======== ENTRIES PROVIDED ========

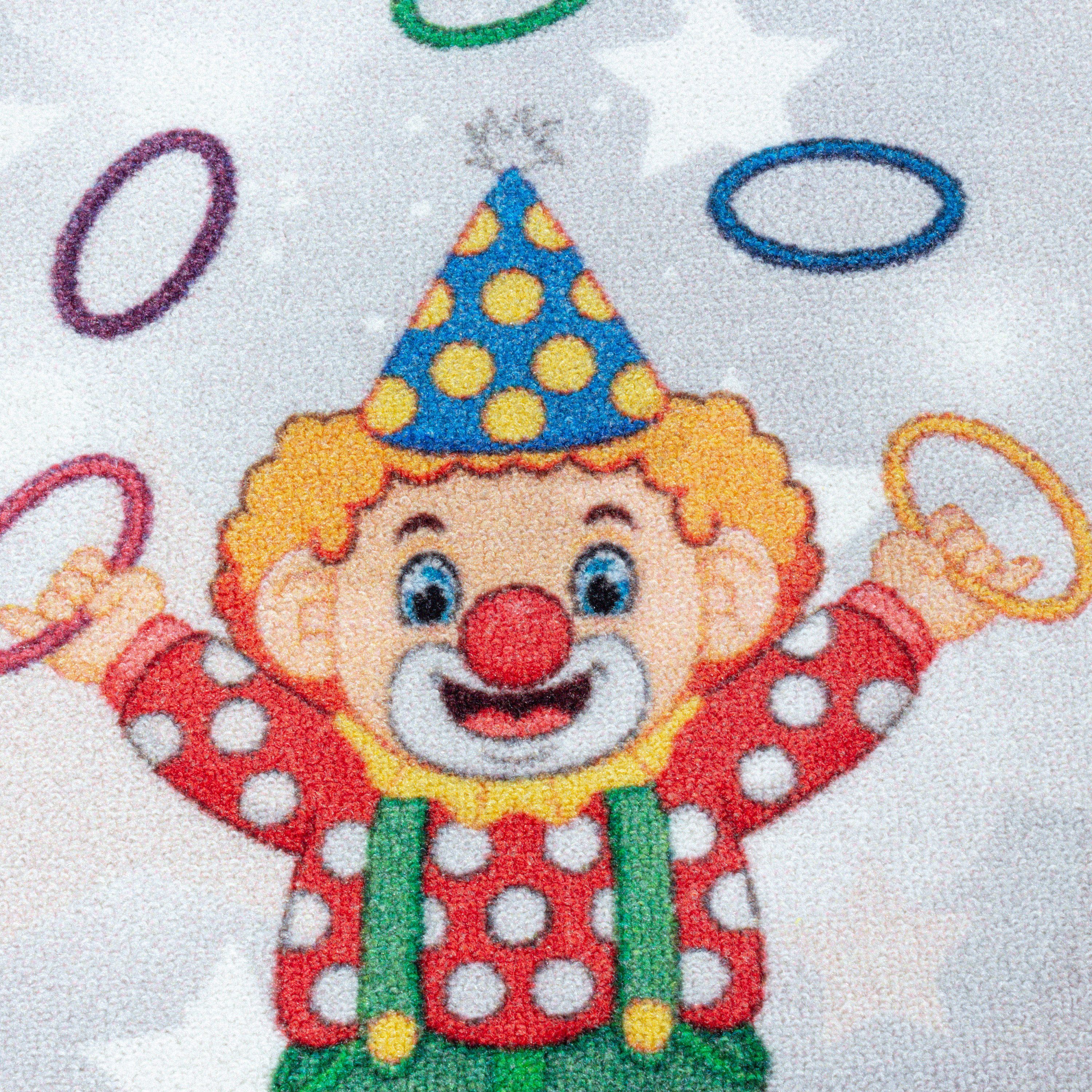 Kurzflor Kinderteppich Kinderzimmer Teppich Spielteppich Zirkus Clown Löwe Blau
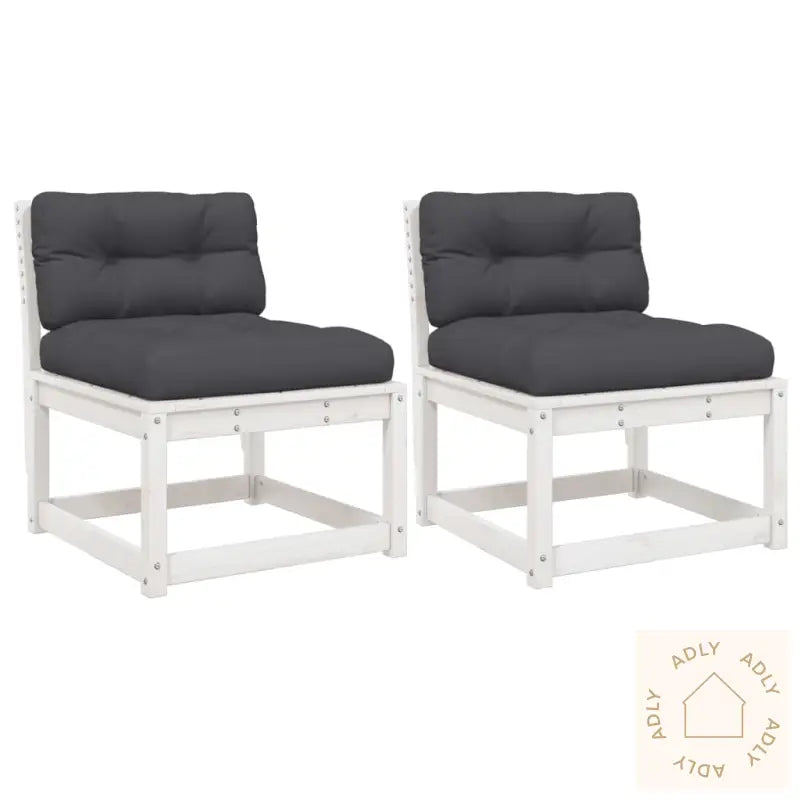 Hagesofaer Med Puter 2 Stk Hvit Heltre Furu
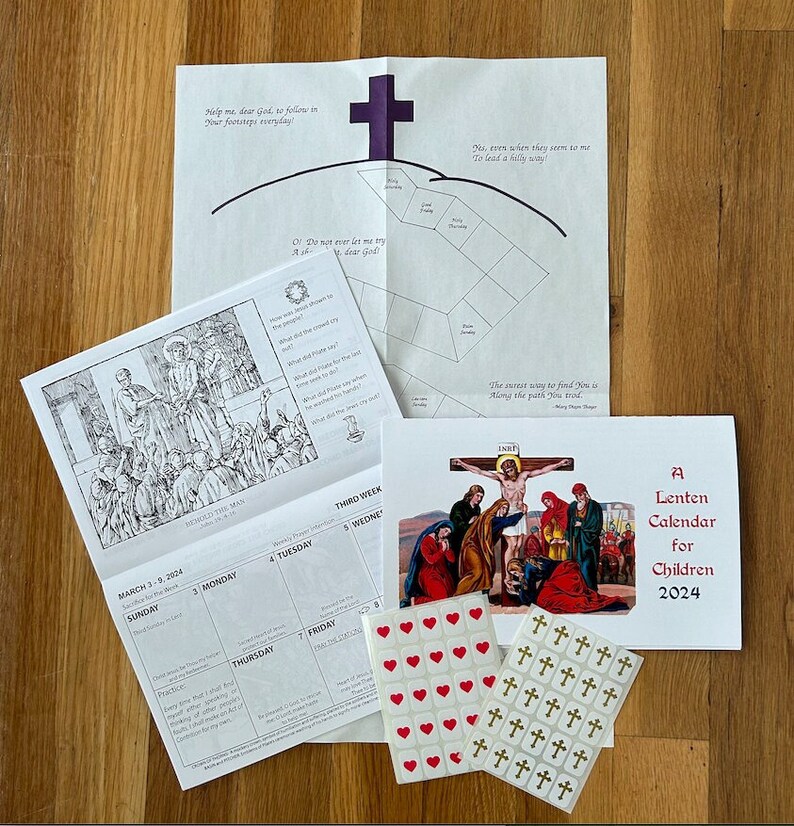 Lenten Calendar for Catholic Children With Sacrifice Chart 2024 Etsy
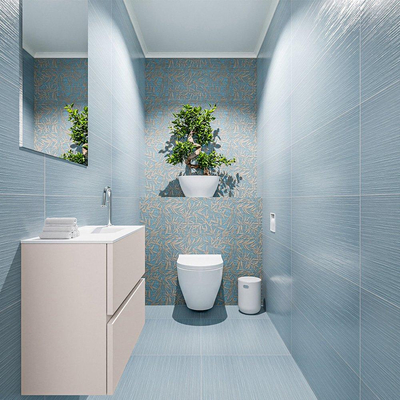 MONDIAZ ADA Toiletmeubel - 60x30x50cm - 1 kraangat - 2 lades - linen mat - wasbak rechts - Solid surface - Wit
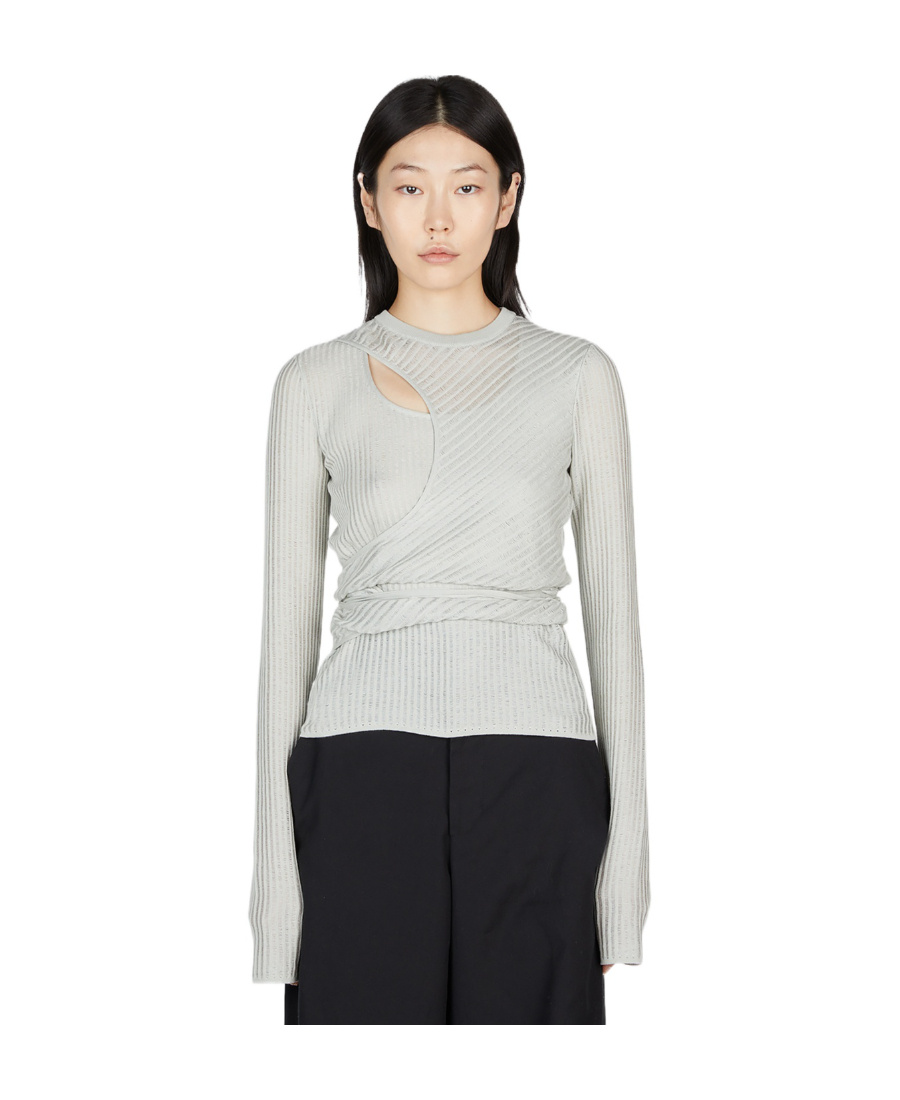 Ann Demeulemeester Woman Sweater Light Grey Size M Cotton In White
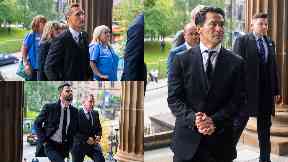Church: Peter Lovenkrands, Steven Thompson, Billy Dodds and Michael Mols ahead of the service.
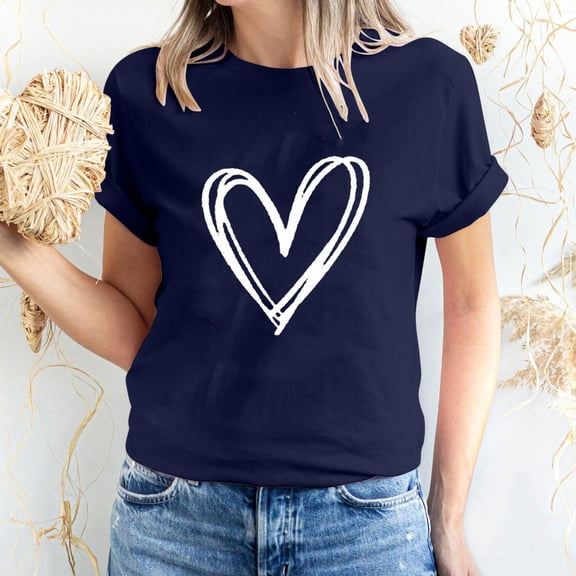 Up to 65 off!Lolmot Valentine Shirts for Women Cute Love Heart Shirts Graphic Tees Girls Casual Short Sleeve Tops Holiday Gift Tee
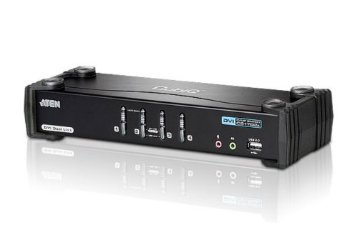 Aten CS1784 4 Port DVI KVMP Switch - up to 2K @ 60hz and works with 120Hz Monitors and Active Shutter Glasses (3D) - USB 2.0 Peripheral Port and 7.1 Surround Sound Audio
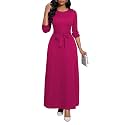 BubFee Long Dress for Women Casual Long Sleeve Dresses Maxi Dress Empire Waist Loose with Belt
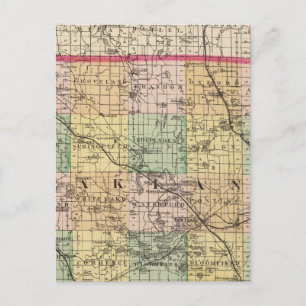 Map of Oakland County, Michigan Postcard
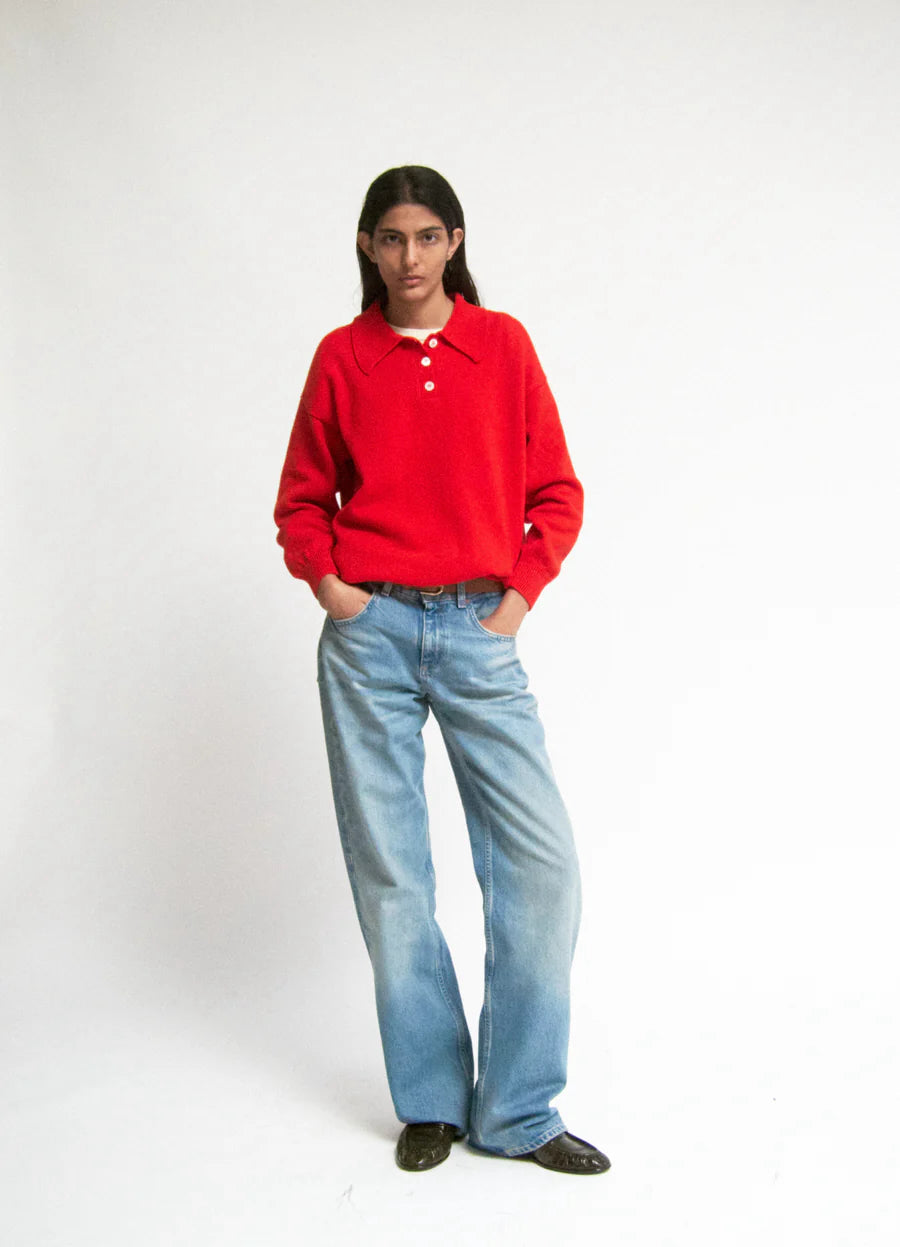 &DAUGHTER EDITH PLAIN POLO - POPPY RED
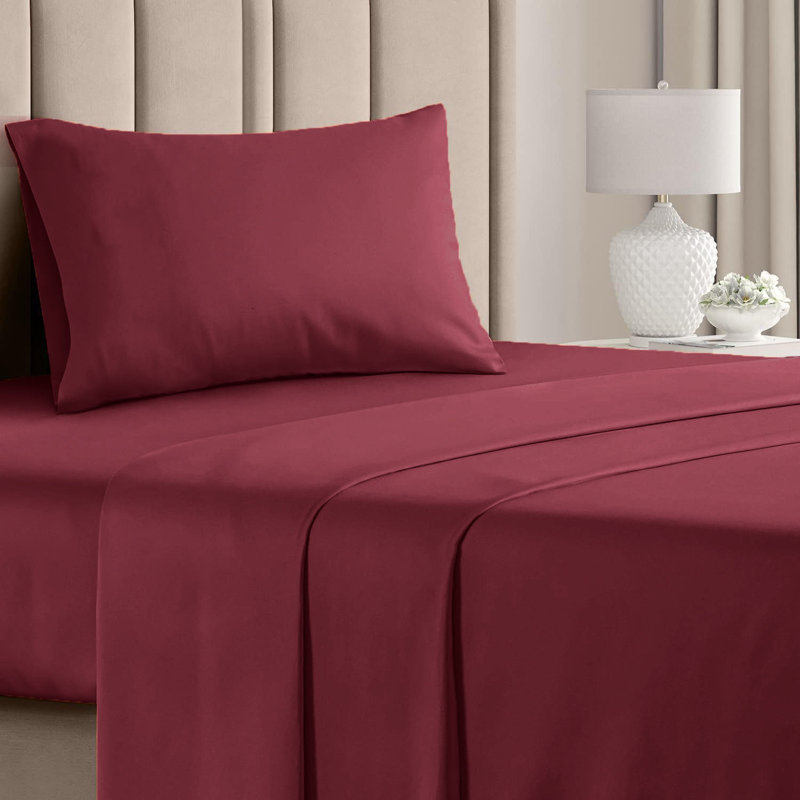  Ensemble de draps en rayonne de bambou 4 pièces Premium Luxury, Ensemble de draps pour taille de lit simple TG ave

========

» AIM OF THE EXERCISE
Go back to the listing above and reproduce, exactly, the stretch from the line bearing "Lenten Calendar for" through the line bearing "Ann Demeulemeester Woman", without its pictures.

» YOUR SOLUTION
 Lenten Calendar for Catholic Children With Sacrifice Chart 2024 Etsy
 MONDIAZ ADA Toiletmeubel - 60x30x50cm - 1 kraangat - 2 lades - linen mat - wasbak rechts - Solid surface - Wit
 Ann Demeulemeester Woman Sweater Light Grey Size M Cotton In White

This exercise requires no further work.